(Entries taken from a collection)
● ● ● ● ● ● ●

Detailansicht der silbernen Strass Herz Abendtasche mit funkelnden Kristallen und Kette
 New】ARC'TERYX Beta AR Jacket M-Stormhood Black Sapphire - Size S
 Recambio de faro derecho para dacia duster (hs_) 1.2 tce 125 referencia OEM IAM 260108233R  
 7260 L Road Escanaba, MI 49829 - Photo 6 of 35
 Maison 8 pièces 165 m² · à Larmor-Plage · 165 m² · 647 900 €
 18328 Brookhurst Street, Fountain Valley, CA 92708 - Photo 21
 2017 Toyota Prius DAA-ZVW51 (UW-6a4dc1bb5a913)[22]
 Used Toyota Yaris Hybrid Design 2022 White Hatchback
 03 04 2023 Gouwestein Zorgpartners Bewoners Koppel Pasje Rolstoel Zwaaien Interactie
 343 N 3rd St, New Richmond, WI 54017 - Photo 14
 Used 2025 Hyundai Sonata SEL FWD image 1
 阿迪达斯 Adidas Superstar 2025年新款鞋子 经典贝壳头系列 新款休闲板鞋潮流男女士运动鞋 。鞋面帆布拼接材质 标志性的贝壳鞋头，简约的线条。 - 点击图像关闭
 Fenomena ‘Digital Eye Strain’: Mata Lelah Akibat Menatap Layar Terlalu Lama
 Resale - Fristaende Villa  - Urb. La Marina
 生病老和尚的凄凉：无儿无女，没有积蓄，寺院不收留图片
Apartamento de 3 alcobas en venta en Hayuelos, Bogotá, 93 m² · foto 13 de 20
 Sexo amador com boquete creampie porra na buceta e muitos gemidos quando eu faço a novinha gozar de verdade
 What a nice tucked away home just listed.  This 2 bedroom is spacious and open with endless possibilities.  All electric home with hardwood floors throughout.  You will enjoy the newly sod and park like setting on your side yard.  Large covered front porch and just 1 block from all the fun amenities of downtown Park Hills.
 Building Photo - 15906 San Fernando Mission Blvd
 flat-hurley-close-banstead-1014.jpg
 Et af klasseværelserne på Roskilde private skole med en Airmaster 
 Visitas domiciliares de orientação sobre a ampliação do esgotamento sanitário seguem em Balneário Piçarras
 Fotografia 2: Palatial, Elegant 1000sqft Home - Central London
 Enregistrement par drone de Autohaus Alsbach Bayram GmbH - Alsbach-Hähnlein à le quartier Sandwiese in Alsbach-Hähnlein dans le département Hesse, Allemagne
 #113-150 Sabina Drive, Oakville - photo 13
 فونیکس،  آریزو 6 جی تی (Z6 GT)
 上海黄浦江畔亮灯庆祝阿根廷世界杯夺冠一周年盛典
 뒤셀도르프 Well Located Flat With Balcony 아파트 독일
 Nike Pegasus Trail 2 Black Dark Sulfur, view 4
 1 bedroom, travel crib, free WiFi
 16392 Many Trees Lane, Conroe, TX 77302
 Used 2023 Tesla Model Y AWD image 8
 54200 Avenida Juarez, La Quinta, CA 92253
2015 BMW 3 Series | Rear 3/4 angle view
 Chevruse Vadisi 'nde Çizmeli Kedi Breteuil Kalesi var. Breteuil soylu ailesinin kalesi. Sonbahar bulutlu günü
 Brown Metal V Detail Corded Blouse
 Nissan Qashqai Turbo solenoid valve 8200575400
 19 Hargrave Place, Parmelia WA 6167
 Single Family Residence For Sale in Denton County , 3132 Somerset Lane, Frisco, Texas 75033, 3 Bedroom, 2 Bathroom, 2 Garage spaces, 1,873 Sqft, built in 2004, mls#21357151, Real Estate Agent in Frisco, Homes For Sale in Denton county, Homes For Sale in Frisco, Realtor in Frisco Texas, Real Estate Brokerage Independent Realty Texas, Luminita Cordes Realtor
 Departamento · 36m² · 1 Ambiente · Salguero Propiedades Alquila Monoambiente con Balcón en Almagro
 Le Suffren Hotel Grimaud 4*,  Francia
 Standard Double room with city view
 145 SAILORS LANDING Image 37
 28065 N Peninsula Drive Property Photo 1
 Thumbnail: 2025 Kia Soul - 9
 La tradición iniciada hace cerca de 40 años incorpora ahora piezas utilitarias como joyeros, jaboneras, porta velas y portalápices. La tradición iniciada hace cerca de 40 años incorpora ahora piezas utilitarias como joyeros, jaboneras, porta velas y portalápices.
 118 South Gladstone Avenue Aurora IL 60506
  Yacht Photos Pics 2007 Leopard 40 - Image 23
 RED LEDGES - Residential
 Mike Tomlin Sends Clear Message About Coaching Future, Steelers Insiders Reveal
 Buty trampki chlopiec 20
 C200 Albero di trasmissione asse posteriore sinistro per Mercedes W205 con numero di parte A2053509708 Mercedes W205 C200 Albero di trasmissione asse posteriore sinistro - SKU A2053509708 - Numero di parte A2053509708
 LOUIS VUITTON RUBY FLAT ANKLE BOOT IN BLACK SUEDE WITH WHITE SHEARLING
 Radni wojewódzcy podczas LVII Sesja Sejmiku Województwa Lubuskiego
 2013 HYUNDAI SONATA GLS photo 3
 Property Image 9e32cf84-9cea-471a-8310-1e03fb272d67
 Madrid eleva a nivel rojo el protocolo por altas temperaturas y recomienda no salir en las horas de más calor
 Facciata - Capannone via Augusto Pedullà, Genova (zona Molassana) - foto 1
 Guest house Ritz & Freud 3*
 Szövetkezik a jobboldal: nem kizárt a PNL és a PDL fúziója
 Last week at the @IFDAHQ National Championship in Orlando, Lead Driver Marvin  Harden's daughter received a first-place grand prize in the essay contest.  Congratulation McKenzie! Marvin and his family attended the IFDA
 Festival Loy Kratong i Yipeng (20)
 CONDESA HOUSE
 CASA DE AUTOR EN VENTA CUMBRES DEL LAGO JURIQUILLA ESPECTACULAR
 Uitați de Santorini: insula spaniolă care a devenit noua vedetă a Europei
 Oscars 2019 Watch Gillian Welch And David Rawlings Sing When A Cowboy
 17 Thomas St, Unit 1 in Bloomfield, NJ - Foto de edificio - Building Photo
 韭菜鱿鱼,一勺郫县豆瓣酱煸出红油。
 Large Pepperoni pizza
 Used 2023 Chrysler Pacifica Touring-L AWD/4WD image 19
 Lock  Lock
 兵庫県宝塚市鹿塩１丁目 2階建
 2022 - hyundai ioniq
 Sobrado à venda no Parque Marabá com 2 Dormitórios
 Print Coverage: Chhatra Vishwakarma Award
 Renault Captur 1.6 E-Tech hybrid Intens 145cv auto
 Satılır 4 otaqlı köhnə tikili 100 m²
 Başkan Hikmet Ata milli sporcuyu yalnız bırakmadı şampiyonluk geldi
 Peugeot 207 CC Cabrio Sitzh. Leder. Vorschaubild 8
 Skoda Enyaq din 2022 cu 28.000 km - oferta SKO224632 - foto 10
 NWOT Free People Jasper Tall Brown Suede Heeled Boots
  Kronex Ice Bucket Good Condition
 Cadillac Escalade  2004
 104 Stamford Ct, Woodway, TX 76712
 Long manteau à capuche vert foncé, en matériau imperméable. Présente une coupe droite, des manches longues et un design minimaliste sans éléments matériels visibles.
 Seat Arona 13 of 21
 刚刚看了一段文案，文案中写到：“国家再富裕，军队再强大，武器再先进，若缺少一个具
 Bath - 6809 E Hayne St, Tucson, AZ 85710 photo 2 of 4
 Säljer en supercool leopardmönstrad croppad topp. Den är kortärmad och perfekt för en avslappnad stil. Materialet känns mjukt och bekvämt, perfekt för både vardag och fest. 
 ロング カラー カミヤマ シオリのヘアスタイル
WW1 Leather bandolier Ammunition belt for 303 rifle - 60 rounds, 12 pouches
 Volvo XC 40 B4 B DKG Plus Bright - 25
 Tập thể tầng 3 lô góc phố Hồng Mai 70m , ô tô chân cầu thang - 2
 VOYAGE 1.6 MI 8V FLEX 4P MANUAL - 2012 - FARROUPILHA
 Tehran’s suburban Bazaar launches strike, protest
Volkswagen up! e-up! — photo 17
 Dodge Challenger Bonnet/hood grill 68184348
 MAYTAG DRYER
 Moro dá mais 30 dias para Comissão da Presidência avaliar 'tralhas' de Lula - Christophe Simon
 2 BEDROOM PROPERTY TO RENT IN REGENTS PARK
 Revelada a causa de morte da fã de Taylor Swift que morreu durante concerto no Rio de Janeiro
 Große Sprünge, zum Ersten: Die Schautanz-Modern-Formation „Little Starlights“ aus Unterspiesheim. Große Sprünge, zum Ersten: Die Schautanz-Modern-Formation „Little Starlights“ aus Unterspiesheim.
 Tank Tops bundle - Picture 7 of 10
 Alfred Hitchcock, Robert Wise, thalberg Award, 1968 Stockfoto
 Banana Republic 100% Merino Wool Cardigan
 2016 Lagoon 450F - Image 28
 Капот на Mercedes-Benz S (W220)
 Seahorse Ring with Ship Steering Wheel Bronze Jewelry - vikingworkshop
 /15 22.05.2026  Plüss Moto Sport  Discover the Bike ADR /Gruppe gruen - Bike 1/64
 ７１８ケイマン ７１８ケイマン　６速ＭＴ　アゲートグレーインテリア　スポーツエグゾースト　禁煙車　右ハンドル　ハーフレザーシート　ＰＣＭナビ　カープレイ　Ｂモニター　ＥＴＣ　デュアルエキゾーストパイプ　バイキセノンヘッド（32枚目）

● ● ● ● ● ● ●

▸ What is required
The lines that mention the word "Award" should be pulled from the records above.

▸ Response area
 Print Coverage: Chhatra Vishwakarma Award
 Alfred Hitchcock, Robert Wise, thalberg Award, 1968 Stockfoto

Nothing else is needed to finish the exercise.